Entre esos hombres se destaca Meinhard, de unos cincuenta años, lacónico, de rasgos y mirada dura, más silencioso que el resto. Alguien que, en el pasado, pudo o no haber sido un legionario y que, fundamentalmente, nunca termina de encastrar en esa cofradía de trabajadores temporales. Es así como comienza a dar algunos paseos por la zona, acercándose cada vez más a las calles y a los habitantes del pueblo. Meinhard, el forastero. Y un caballo blanco suelto por los campos, aunque con dueño. Y la posibilidad de una amistad con Adrian, alguien nacido y criado en ese lugar, y su grupo de colaboradores y amigos.
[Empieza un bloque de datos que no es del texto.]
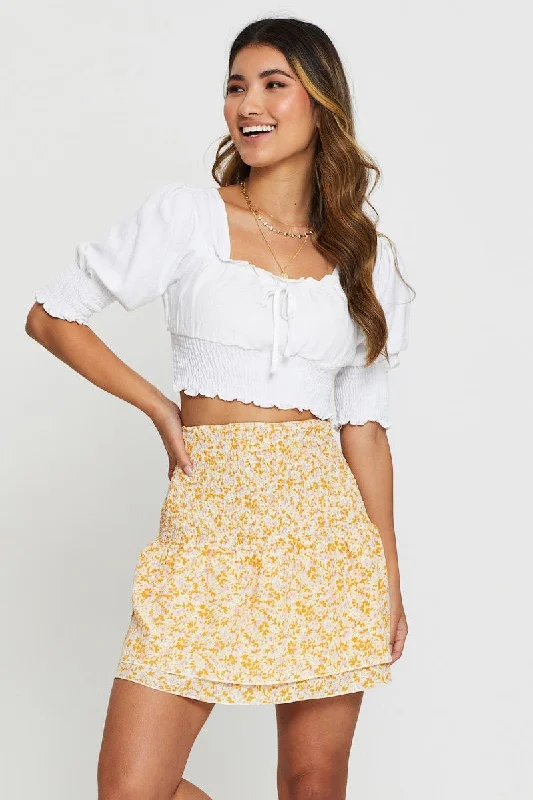 high low maxi skirt-Print Shirred Waist Skater Skirt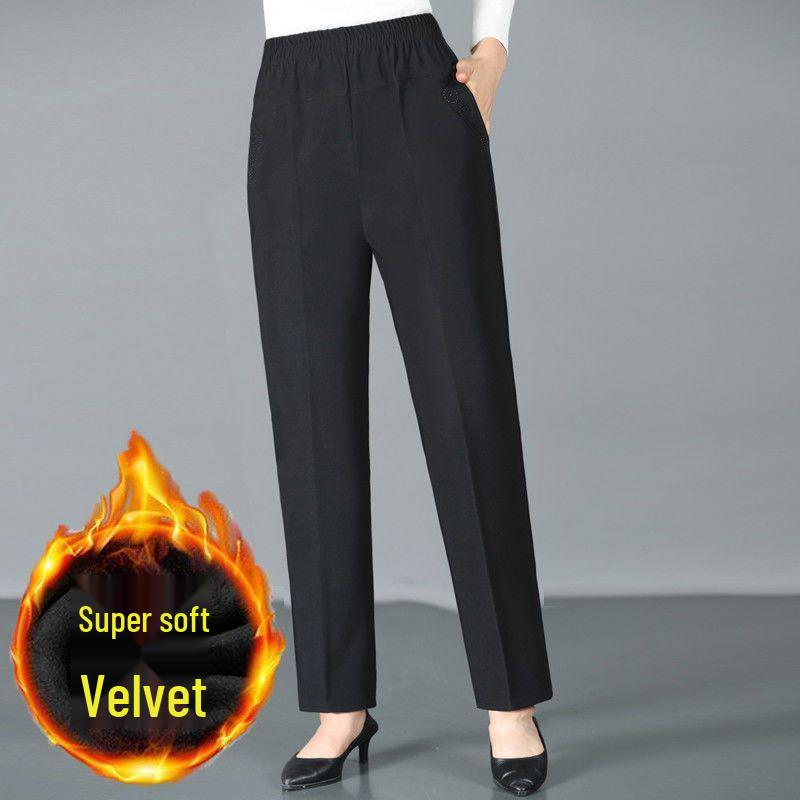 Plus Size High Waist Elastic Pants for Middle-Aged Women - Straight Leg, Casual Grandma Pants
Y las conversaciones con dos mujeres, una de ellas bastante más joven. Y la posibilidad latente de un enfrentamiento a puro puñetazo, con un coterráneo o un lugareño. Y, desde luego, un rifle, que aparecerá bien avanzada la historia. Con esos elementos, Grisebach justifica el título de la película: de forma microscópica, la cineasta va instalando tópicos, gestos y accidentes de la topografía del gran género cinematográfico estadounidense en un universo actual y globalizado.
En ese sentido, Meinhard resulta ser una nueva encarnación del héroe solitario enfrentado a un universo en el cual no termina de sentirse a gusto. Un individualista en el sentido más íntimo del término: sus códigos de conducta, su ética, su manera de moverse en el mundo no necesitan formar parte de un consenso ni, mucho menos, requieren de la aprobación de los demás. La delicada pero rotunda estrategia narrativa de Grisebach va dando sus frutos a medida que aquello que parecía una simple observación de situaciones y tipologías –con una cámara en plan seguimiento de personajes y la precisa utilización de actores no profesionales– comienza a desenrollarse como una telaraña. Es luego de un hecho circunstancial cuando la trama parece comenzar a espesarse, pero es sólo un falso señuelo: todo fue y sigue siendo importante, nada se radicaliza. Lo que surge con fuerza, en definitiva, es la humanidad de las criaturas, tan frágil y reconocible. La última, extraordinaria secuencia durante una fiesta en el pueblo, en la cual todos los personajes –hombres y mujeres, aldeanos y visitantes– parecen formar parte de una coreografía improvisada por el azar y el deseo, termina de confirmarlo.